Visits Between Ladies and Gentlemen.

A gentleman, as a rule, should not ask a lady for permission to call upon her. It is very easy for her, if she desires his company, to say: "I receive Thursdays," or, "I shall be at home Monday." It is a great discourtesy for a gentleman not to call at the time mentioned, or in a very few days, after being thus invited by a lady. Some gentlemen, if simply asked to "call sometime," will ask, "when may I have the pleasure of seeing you?" To this question a definite answer should be returned, if possible. Very young ladies do not thus invite gentlemen; the invitation coming from either father, mother, or chaperon.

A gentleman does not call upon a lady without some intimation of her wishes in the matter, unless he is the bearer of a letter of introduction, or is taken to her home by some friend sufficiently well acquainted to warrant the liberty. He may, however, seek an introduction through some mutual acquaintance.

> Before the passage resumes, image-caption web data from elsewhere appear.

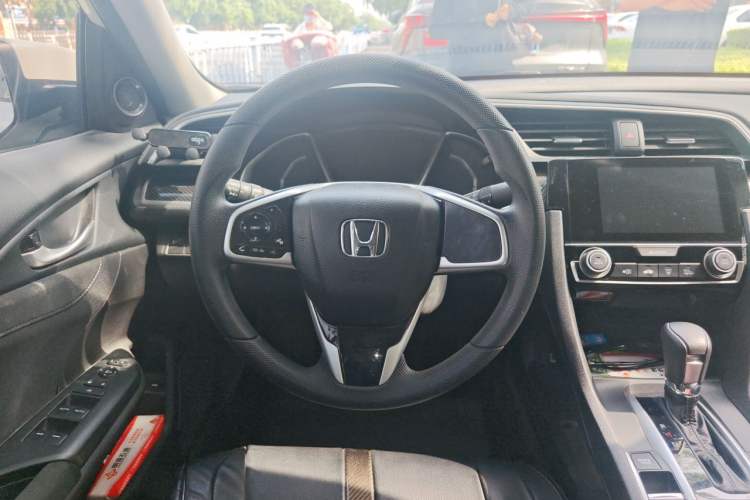 Used Honda Civic 2019 220TURBO CVT Dynamic Edition China VI Steering Wheel
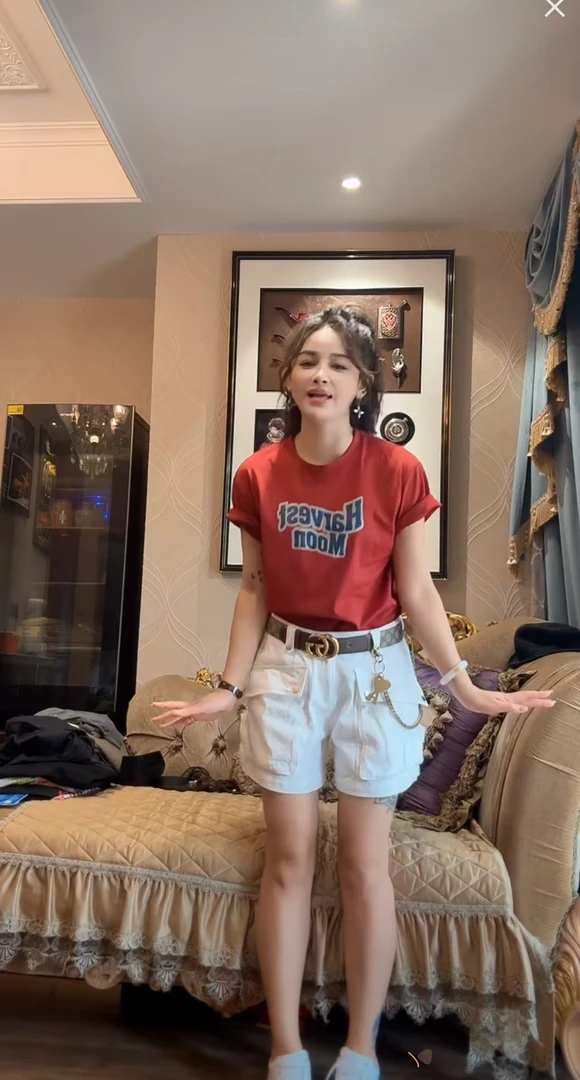 红人秀白色牛仔短裤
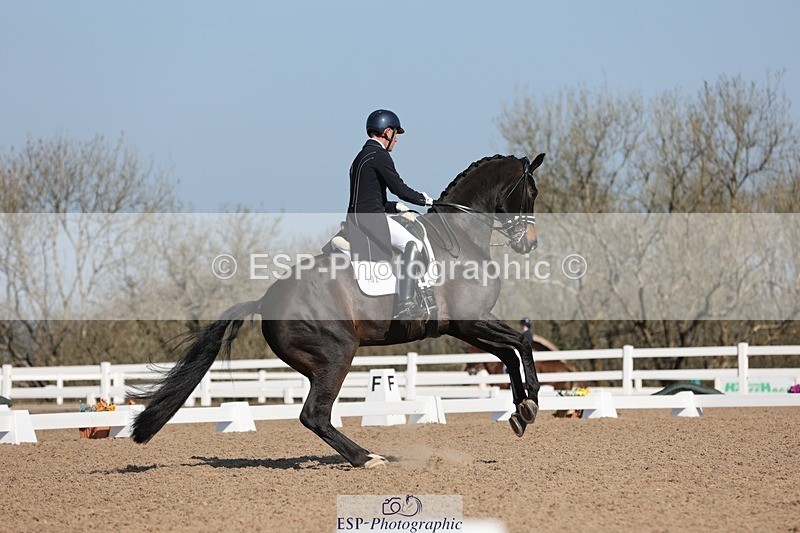 250405-104625-09538 - 102-Jody.Haswell-Valentinio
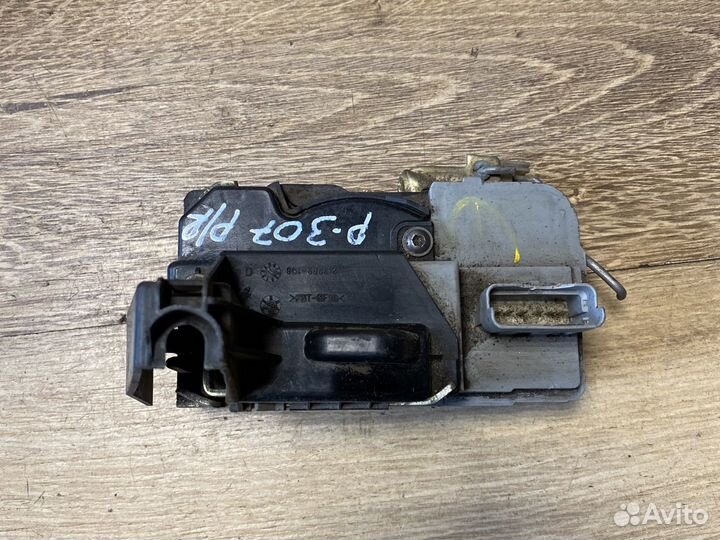 Peugeot 307 замок передней правой двери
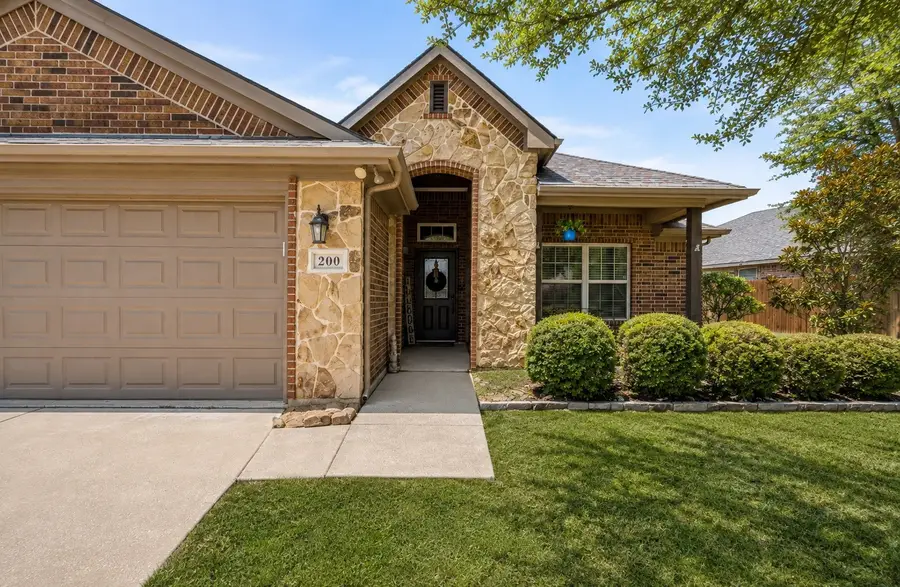 200 Jacinth Lane, Granbury, TX 76049 - #2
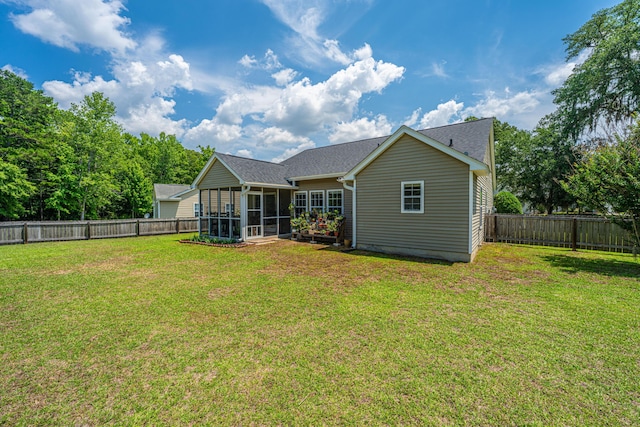 5128 Thornton Dr, Summerville, SC 29485 - back of property with a sunroom
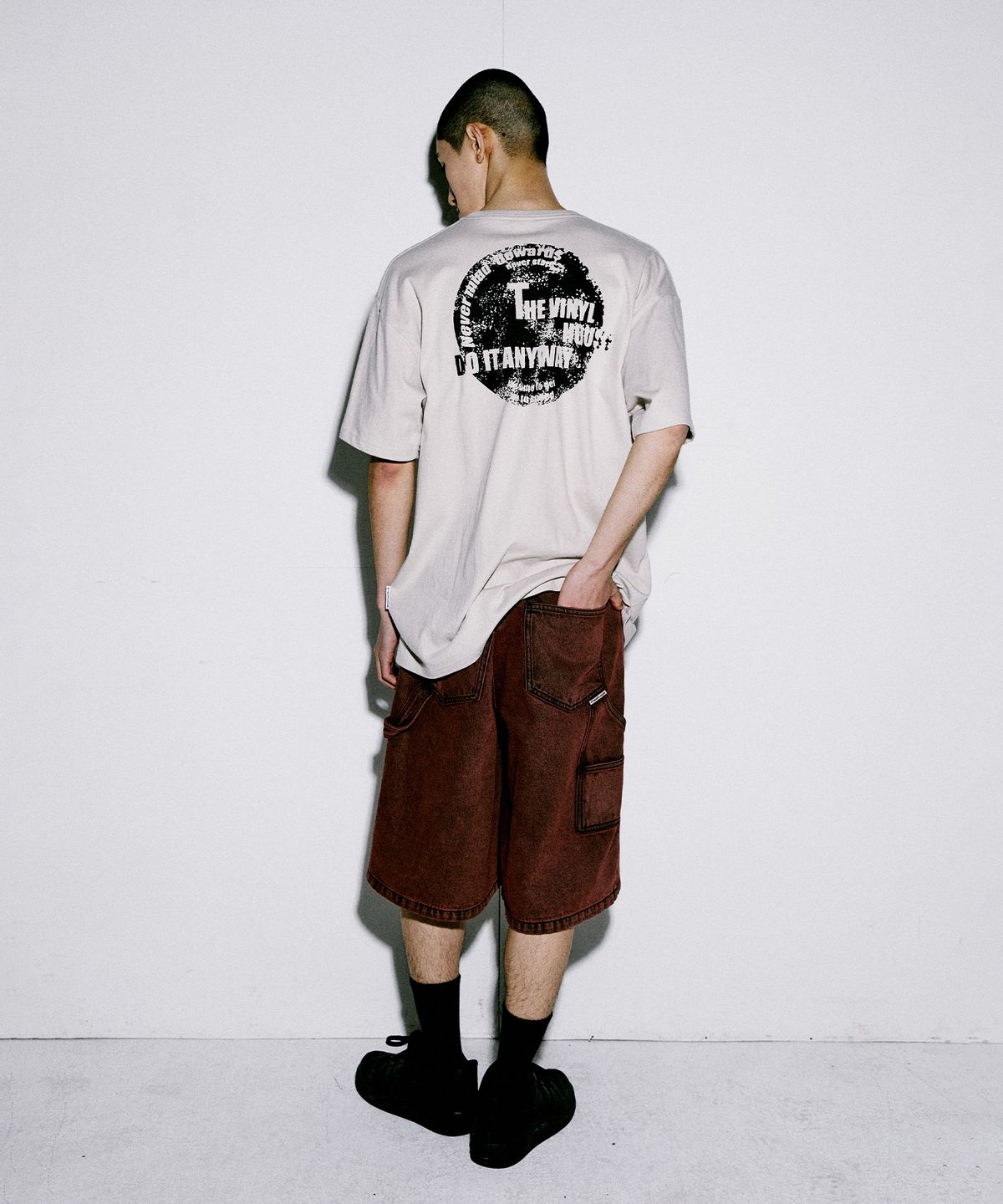 더바이닐하우스(THEVINYLHOUSE) CARPENTER DENIM SHORTS RED (VH2EMUPA60A)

Ladies may express regret at being out when a gentleman called; he also should regret the absence. If it should happen that a gentleman should call several times in succession and be so unfortunate as to miss the lady each time, it would be quite proper for her to write him a note, regretting her absence and appointing an evening when she would be at home for his next call. This would remove any feeling of annoyance on his part that perhaps her absence had been premeditated.



Gentlemen frequently call upon their married lady friends, doing so without the slightest appearance of secrecy and with full knowledge of all parties concerned. Indeed, the right of entrance to some of these pleasant home parlors is a great boon to the unmarried men of our cities. Ladies do not call upon gentlemen except professionally or officially, or, it may be, in some cases of protracted invalidism.

"Out of Society."

It sometimes happens that a newly-married lady, or a newcomer in some city, through severe illness, a season of mourning, or devotion to home duties, finds herself, in a year or so, completely "out" of a society with which she had scarcely become acquainted. If she be timid and non-a.s.sertive, she will sink back dismayed at the prospect, but if energetic and aspiring, she will at once win her way back by giving a series of receptions, either formal or informal, to all her old-time friends; or, by entering into charities, or joining literary or musical clubs, she will quickly reinstate herself in the memory of society.

Conduct of the Hostess.

A hostess does not necessarily advance to receive her guests, simply rising and moving forward a step in order to shake hands (if she should so wish), remaining standing till they are seated, and, if possible, keeping the latest comer near her side. Gentlemen should always permit the lady to make the first advance in the matter of hand-shaking. It is her prerogative.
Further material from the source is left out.